Oops, I meant to delete that paragraph.

> (I got the email as you sent it directly to me; no missing
> attachments; it seems like above is missing something tho)
>
> >> When a deletion (of a subtree) occurs, then we create a new layer at
> >> <relpath, op_depth>. New rows are written for the root, and all
> >> children, using that op_depth value. If this is a moved-away, then we
> >> store the destination into moved_to at the root *only* (which can then
> >> later discriminate between the two types of deletions; children need
> >> to look to the root to discriminate; I bet this need is rare). Note
> >> that the deletion process needs to look for mods to descendents:
> >> deletes are integrated into this one; other operations may error with
> >> "can't delete local mods" or somesuch.
> >>
> >> For the following actions, these are applied to the root of a deletion:
> >
> > What do you mean "these are applied to the root of a deletion"? I guess
> > "add", "copy-here", "move-here" can only be applied to the root of a
> > deletion or to an unversioned/not-present path; is that it?
>
> Correct.
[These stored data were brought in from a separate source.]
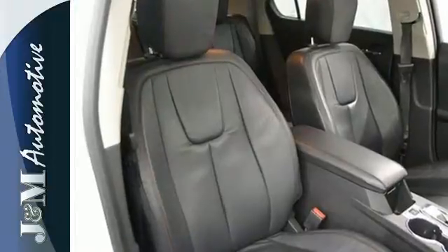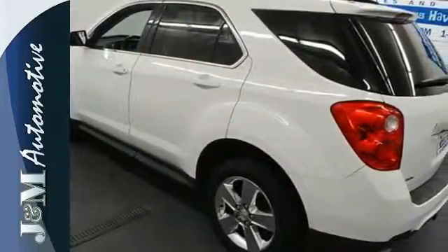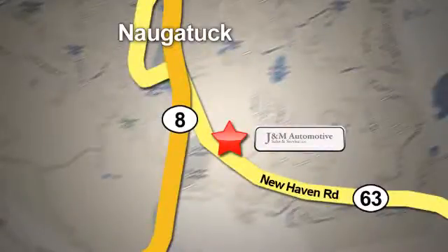It looks sharp and it provides all the comfort you need for you and your passengers. Test drive it today. You'll see a difference at J&M Auto Sales. Call or stop in today. We are conveniently located at 820 New Haven Road in Naugatuck, Connecticut.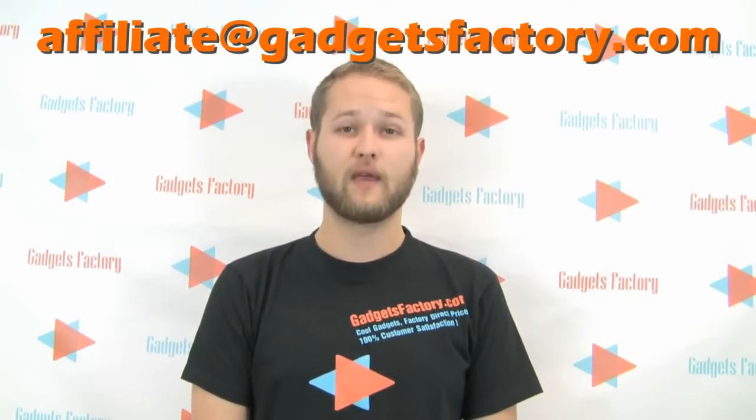Where can I go to learn more? If you'd like to learn more about the GadgetsFactory.com affiliate program, please email me at affiliate@GadgetsFactory.com.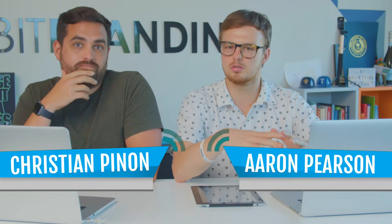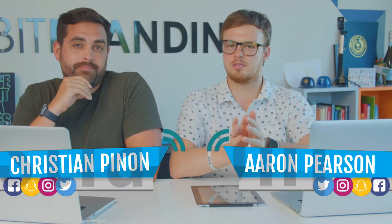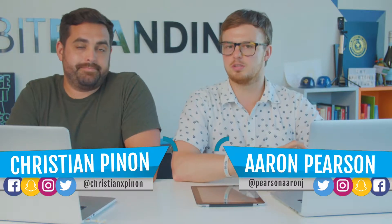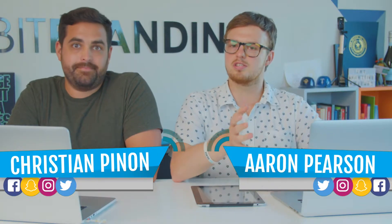We're live! I'm Christian, I'm Aaron. This is a little bit different — this is not normal for Tip for Tip. Usually we have you, the business owner, ask marketing questions and we come to your location, shoot that, and it's all pre-recorded. However, this is live.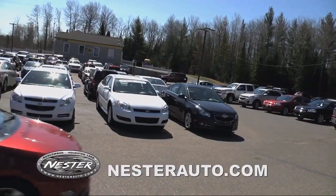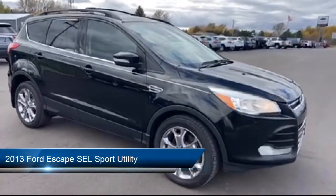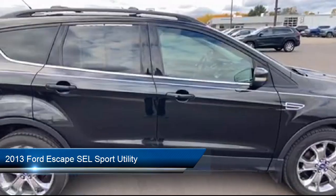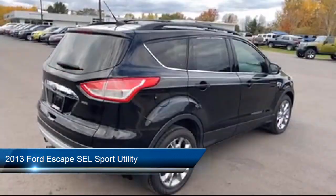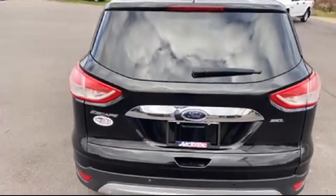Welcome to Don Nestor Auto Group, and here's a look at another one of our great vehicles from our inventory. It comes equipped with heated front seats, heated door mirrors, fully automatic headlights, split fold-down rear seat, and Sirius XM satellite radio.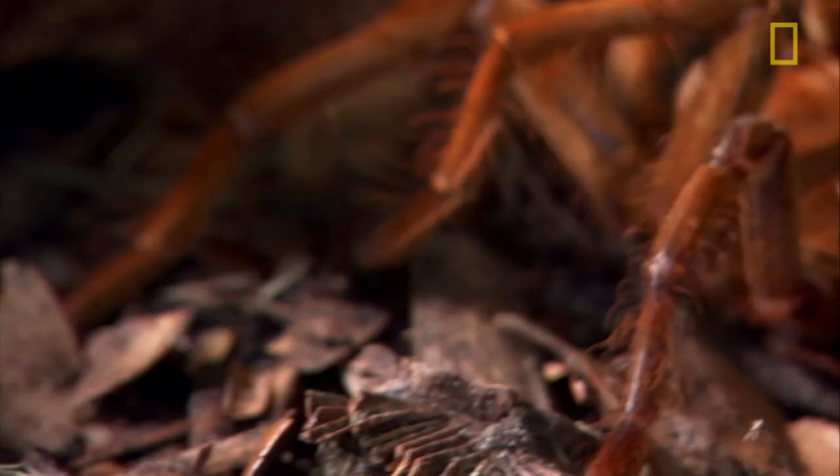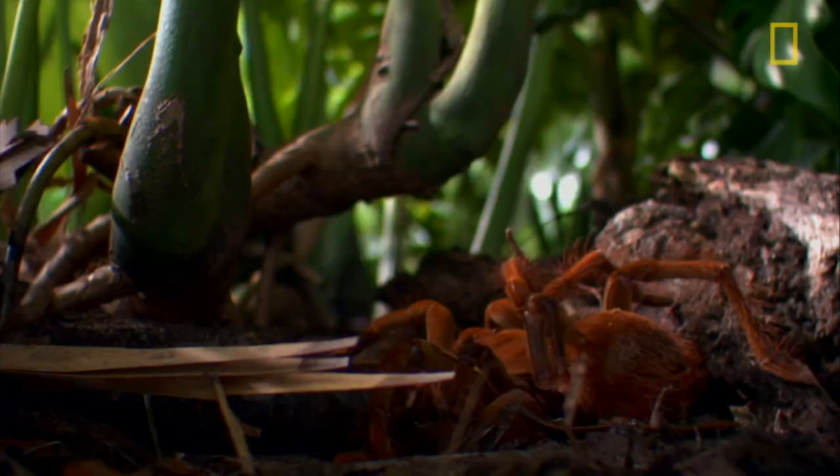Despite the size of the spider, it's actually not very toxic to humans. So if you were to be bitten, you would actually feel a pain that would not be very much worse than a bee or a wasp sting.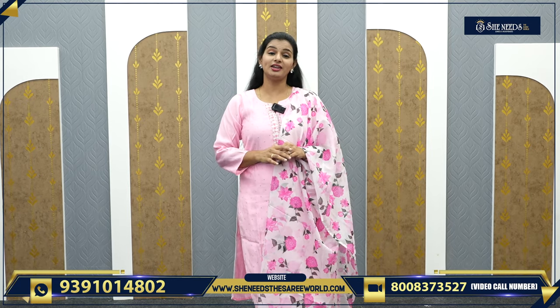Hi! She Needs A Sari World Keys! Hello everyone! You are amazing! She Needs YouTube channel — I will tell you a little bit about our branches.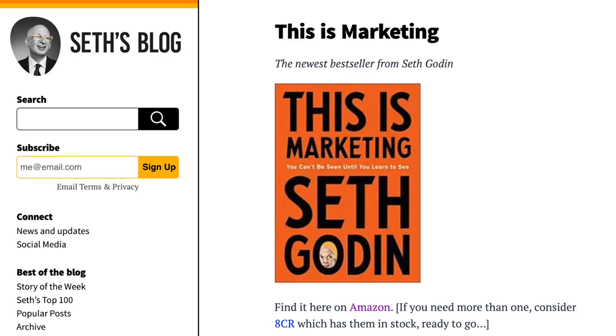Seth Godin talks about this in his book, This Is Marketing. He talks about a case study of consumers in an optometrist deciding which glasses to purchase. When they had too many options to choose from, the consumers were walking away and going home to decide which frame they wanted. When the variations were removed and there was only one option — do you want to purchase these glasses or not — the sales went up.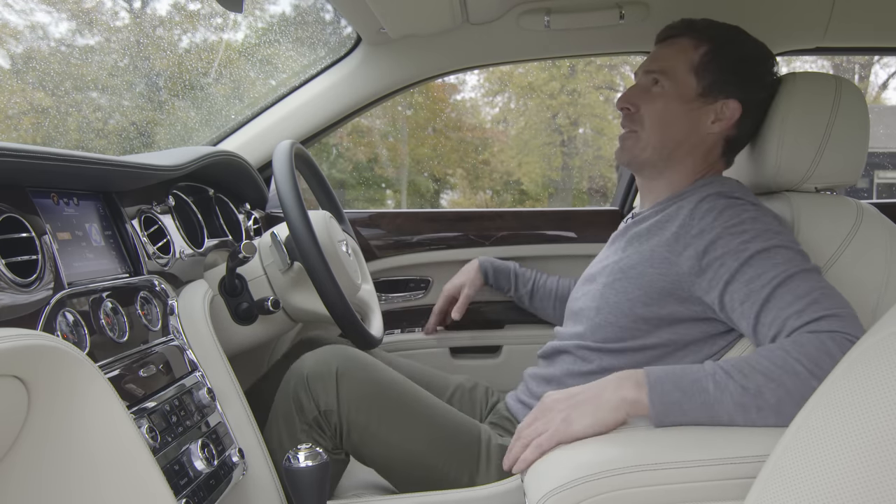Let's see what this Mulsanne is like to drive and be driven in — that's why I've got my girlfriend Joe with me to give the passenger verdict. She's comfy in the back. The first thing to know is that comfort matters on a luxury limousine. This has adaptive air suspension that reads the road and responds to conditions, and it is very comfortable.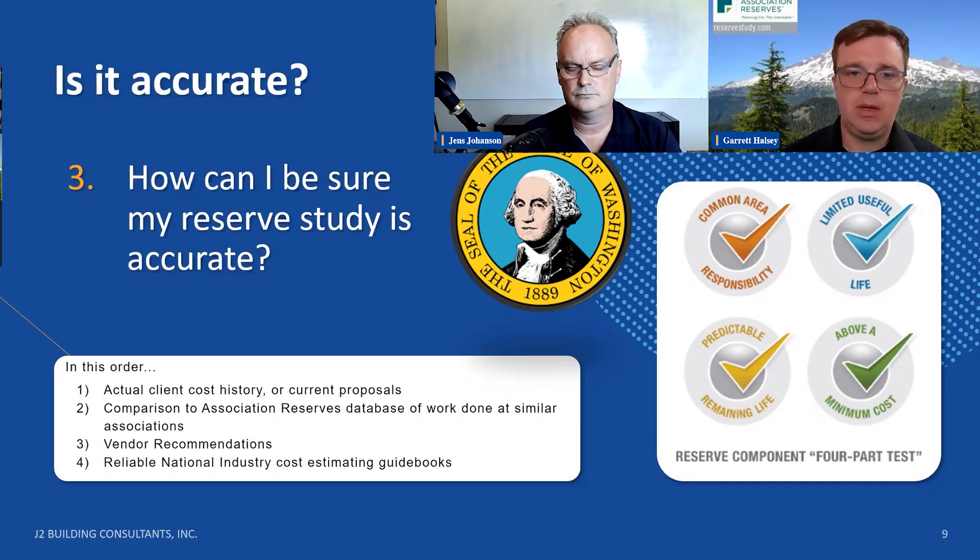Typically, national standards dictate that if the cost of a replacement of an item is less than one percent, it should be factored as an operating budget. However, we can't include that on request. So pick a number — if your operating budget is $100,000 a year, if it's $1,000 or less, that should be on your operating. Is that correct? That's correct.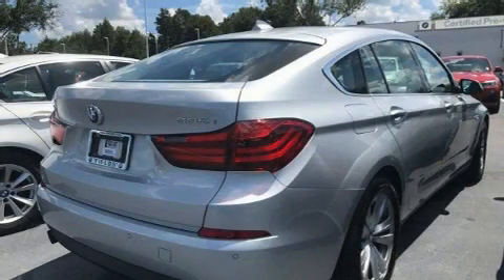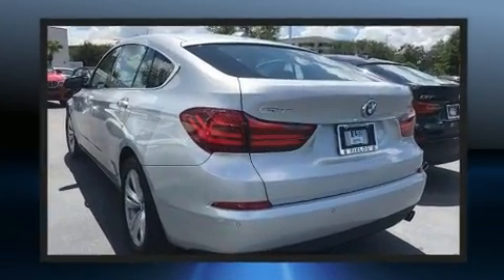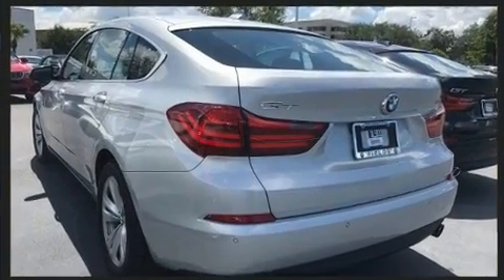Come test drive this 2014 BMW 535i. It features an automatic transmission, rear-wheel drive, and a three-liter six-cylinder engine. The engine breathes better thanks to a turbocharger, improving both performance and economy. It includes leather upholstery and front and rear reading lights.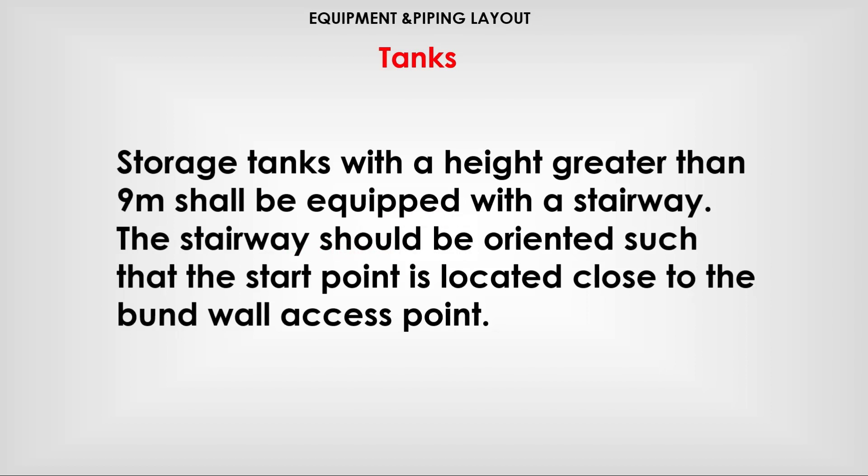Storage tanks with a height greater than 9 meters shall be equipped with a stairway. The stairway should be oriented such that the stair point is located close to the burn wall access point.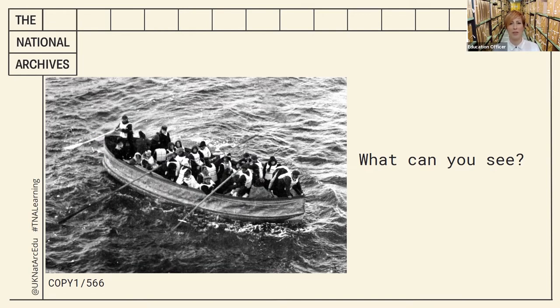Firstly, the type of document is a photograph. But who's taken it and from where? Could it be from a boat, from land, or from somewhere else? It's a black and white photograph too. Does that mean it's quite old? Are there other clues you spotted earlier that this is an old image? It's a bit blurry too — is that because it's not a very advanced camera, or was it taken from far away?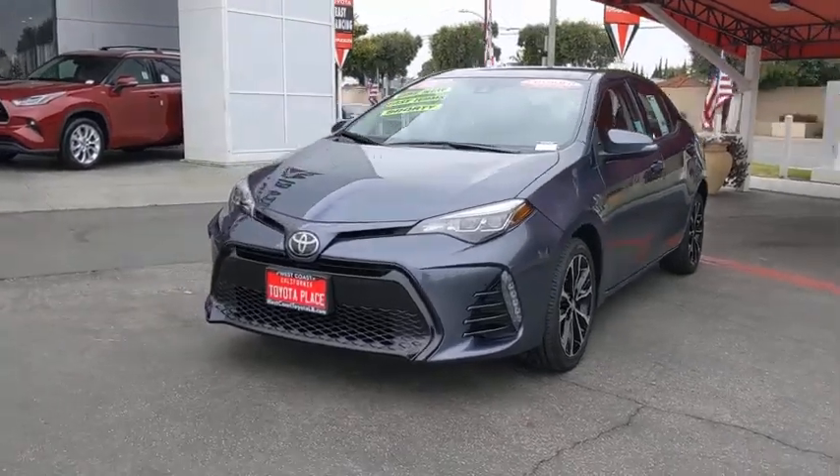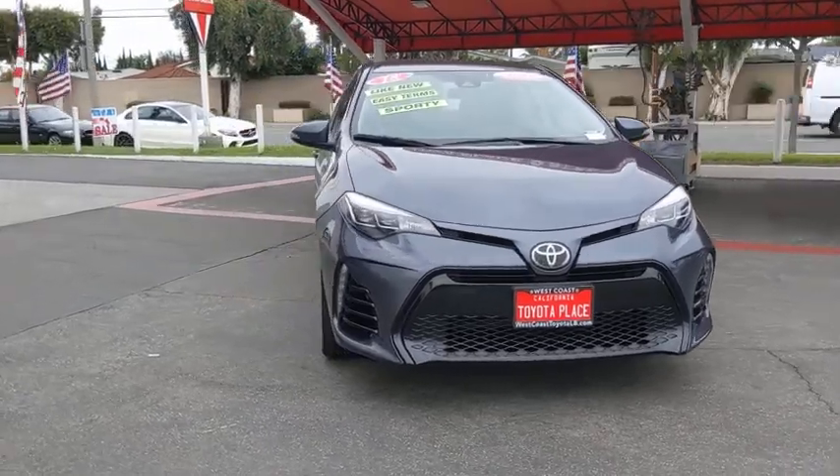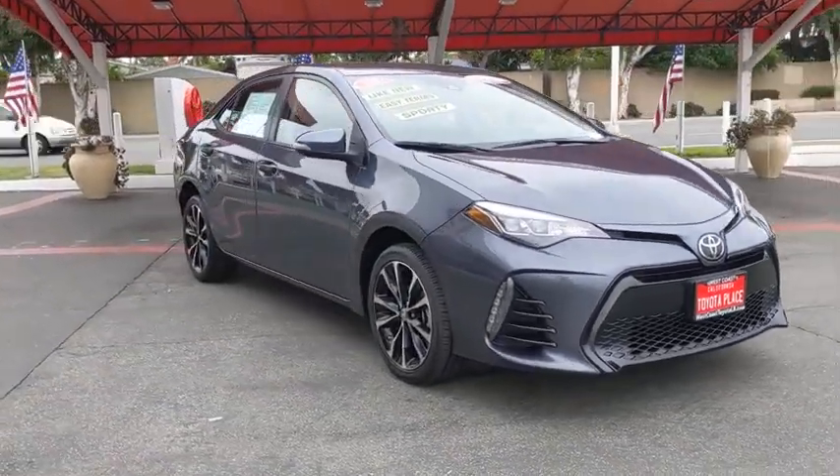Make a great choice today with the 2018 Toyota Corolla. The Corolla is still a great option for those who want dependability, comfort, and value.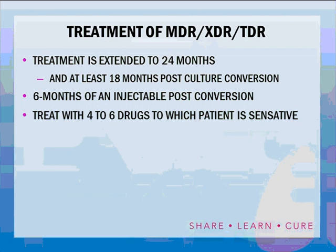Treatment of MDR, XDR, and TDR means we can no longer use six-month therapy — six-month therapy requires both rifampin and pyrazinamide. If resistant to rifampin, therapy must be extended to 18 to 24 months — at least 18 months post-culture conversion to negative — and includes six months of an injectable drug post-conversion. We need to treat with at least four to six drugs to which the patient is sensitive; when using second-line drugs, more drugs are required because they are less effective.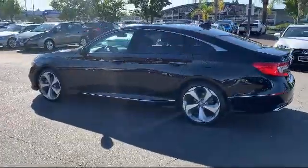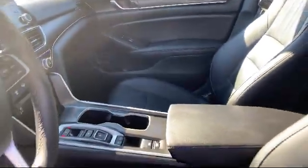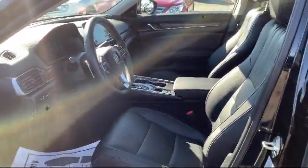As a Lexus Elite dealer since 1999, Lexus of Sacramento has been servicing and satisfying customers from all over the Sacramento Valley. We have a dedicated staff that is passionate about the brand and our customers.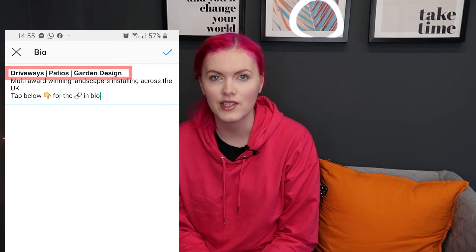Next up is your Instagram bio. You do have a character limit on this, but don't feel you have to fill those characters. There are a few things that you should include, and if it doesn't come to the character limit, it doesn't come to the character limit. First of all, I would include what services you provide.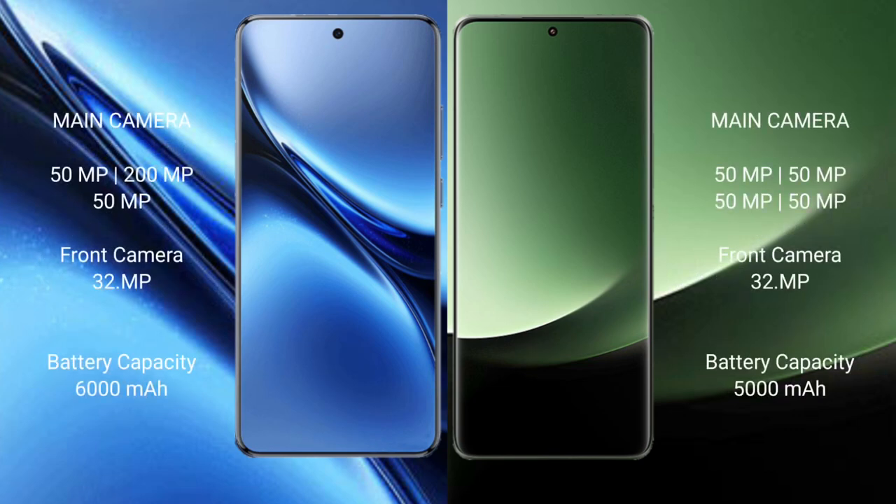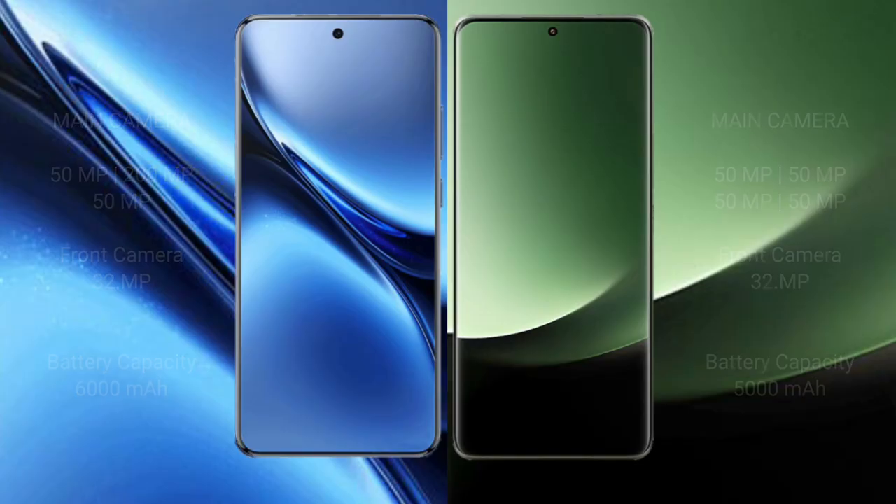Vivo X200 Pro features a rear triple camera setup: 50MP plus 20MP plus 50MP, with a 32MP front camera. Vivo X200 Pro has a 6000mAh battery with 90W fast charging support. Xiaomi 13 Ultra has a 5000mAh battery with 90W fast charging support.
You cannot add/copy-here/move-here to a descendent of the
> root of a deletion -- the root is still missing, so you have no parent
> for the new nodes.
>
> >> If an add occurs, then the root is updated to set presence='added'. No
> >> other changes are needed.
> >
> > Apart from setting the new node kind. And apart from changing the
> > op_depth of all its still-deleted children to obey the deletion-op-depth
> > rule:
> >
> > checkout: (A/B, A/B/C, A/B/gamma),op_d=0,normal
> >
> > delete A/B: add rows (A/B, A/B/C, A/B/gamma),op_d=2,deleted
>
> clarify as: presence=deleted. prior_deleted=TRUE.
>
> > add new file B: modify row (A/B),op_d=2:
> > presence/status := deleted+added
> > kind := file
>
> Yes.
>
> > modify rows (A/B/C, A/B/gamma),op_d=2:
> > op_d := 3
>
> No.
>
> The children don't have to be touched. They just hang out in their
> deleted state with the same op_depth.

Oh yes, my mistake.

> We *never* want to modify a rows
> op_depth. That is part of its primary key(!).
>
> If you changed your operation above to: add subtree B, B/C, B/gamma,
> then you would have:
>
> 1. modify <A/B, 2>: presence=added. (and kind=dir)
> 2. add <A/B/C, 3>: presence=added. kind=dir.
> 3. add <A/B/gamma, 3>: presence=added. kind=file.
>
> The B/C and B/gamma nodes are at a higher op_depth, so they are now
> visible instead of the deleted nodes.

> On Wed, Sep 22, 2010 at 18:27, Greg Stein <gstein_at_gmail.com> wrote:
> >...
> > The children don't have to be touched. They just hang out in their
> > deleted state with the same op_depth. We *never* want to modify a rows
> > op_depth. That is part of its primary key(!).
>
> Let me clarify this. There is one situation where we (effectively)
> modify the op_depth.
>
> Consider:
>
> 1. checkout. add rows <A, 0>, <A/B, 0>, <A/B/C, 0>, <A/B/gamma, 0>:
> presence=normal.
> 2. delete gamma. add row <A/B/gamma, 3>: presence=deleted.
> 3. delete B. add rows <A/B, 2>, <A/B/C, 2>: presence=deleted. modify
> <A/B/gamma, 3>: op_depth=2
>
> We subsume the child deletion into the parent deletion. We could just
> as well revert/forget the child deletion and add rows for all children
> at op_depth, or we can just rewrite the op_depth. Net is the same.
>
>
> Outside of this deletion, I don't think we want to be modifying
> op_depth at all.

Except for reverting, where you can get the reverse of your last point.
For example, follow your last step "3." with "4. revert B. delete row
<A/B, 2>. modify rows <A/B/C, 2>, <A/B/gamma, 2>: op_depth = 3.